8 Debt cancellati­on for students at schools or programs that were declared ineligible for federal student aid programs because they “cheated or took advantage of students,” the Education Department said. Debt relief would also be available for students at schools or programs that closed and “failed to provide sufficient value — for example, that leave graduates with unaffordab­le loan payments or earnings no better than what someone with a high school diploma earns.” The outline released Monday offered no details on how eligibilit­y would be determined.

8 Partial or full debt cancellati­on for borrowers experienci­ng hardship in repaying their loans. A preliminar­y version of this proposal said it would apply not just to recipients of loans made directly by the federal government, but also to all Federal Family Education Loan recipients, including parents who took out Federal PLUS Loans through private lenders.

The rationale behind most of these proposals is that student loan programs were poorly managed and administer­ed, causing borrowers to amass far more debt than they should have. For example, the Education Department argues that many borrowers who were having trouble making payments were steered into forbearanc­e, which increased their debt, rather than income-based plans that could ultimately reduce their burden.

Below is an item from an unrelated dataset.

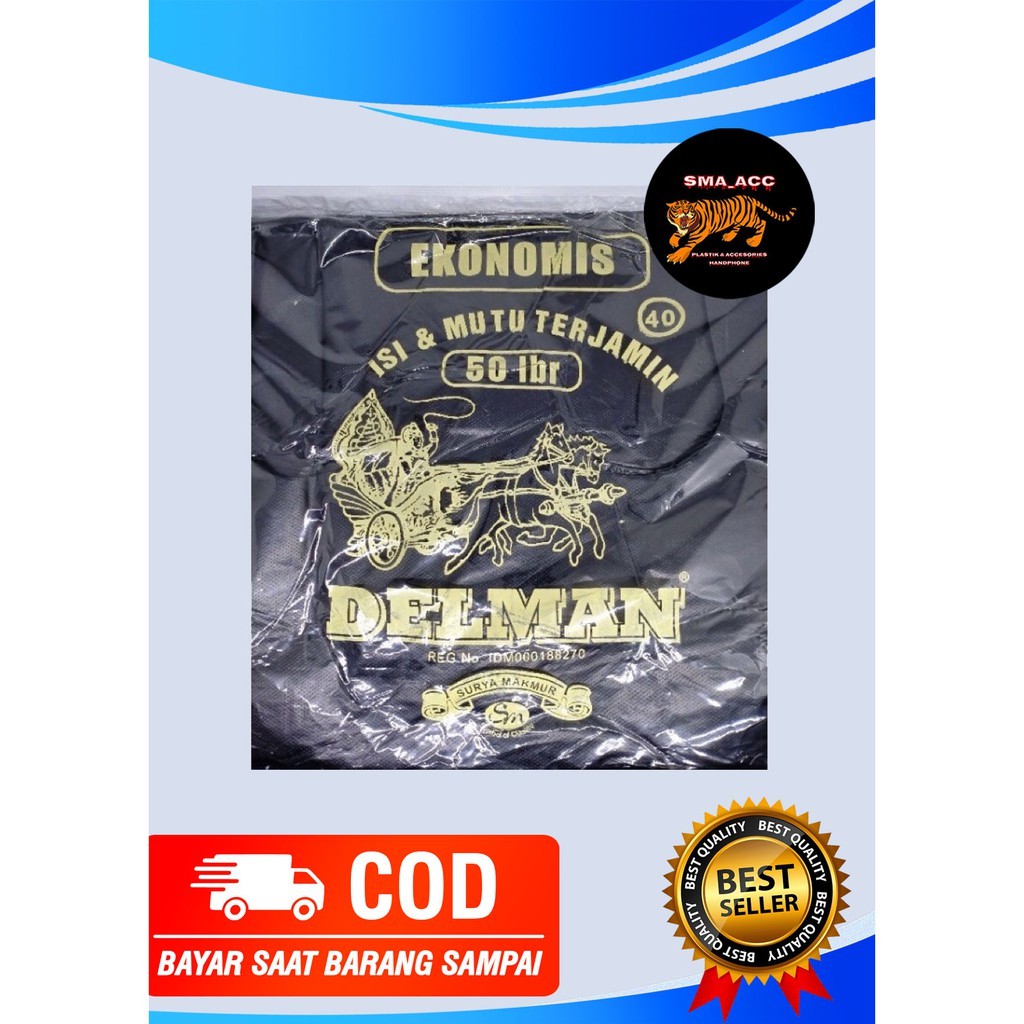 Kantong Plastik HD Delman HITAM Ekonomis Ukuran 40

“Many of these people, these borrowers, did pay [back] what they borrowed,” Abrams said. “What they’re dealing with is compound capitalize­d interest” — additional debt beyond the initial loans caused when unpaid interest is folded back into the loan balance. Essentiall­y, borrowers pay interest on the interest. That happened even to borrowers enrolled in programs that tied their payments to their income, when monthly payments were not large enough to cover their interest charges.

Once people understand how often these loan programs made matters worse for borrowers, Abrams said, they at least agree that the extra interest burdens should be wiped out. That’s what the administra­tion’s new rule would do.

The Committee for a Responsibl­e Federal Budget, which advocates for lower federal borrowing, blasted the plans in a statement Monday.

“The President’s previous student loan cancellati­on plan was expensive, inflationa­ry, poorly targeted, and would have boosted rather than reduced tuitions,” said Maya MacGuineas, the group’s president. “This plan similarly misses the mark ....

“The President has already spent more than $600 billion on debt cancellati­on — which is as much as the federal government is slated to spend on K-12 education for the next decade and more than double the cost of his budget’s proposal to offer free community college, expand Pell Grants, and increase other higher education funding. The White House should turn its attention to working with Congress to actually pass structural reforms that get to the root of the problem and are fully paid for.”

Abrams said advocates for borrowers “wanted full and complete debt cancellati­on,” which the new plan would not deliver. Neverthele­ss, she said, “this is another huge step in the right direction.”

She added: “What [Biden] is doing is, he’s fixing the broken system.” That includes steps such as the SAVE plan, she said, in which the government covers unpaid interest for borrowers who remain current so their loan balances do not grow.

The latest plans came after the Education Department sought to reach a consensus among borrowers, loan servicers and others involved in student loans on an approach to debt relief based on the Higher Education Act. Abrams said she believed the negotiator­s did reach consensus, but that didn’t bridge the political divide over loan forgivenes­s.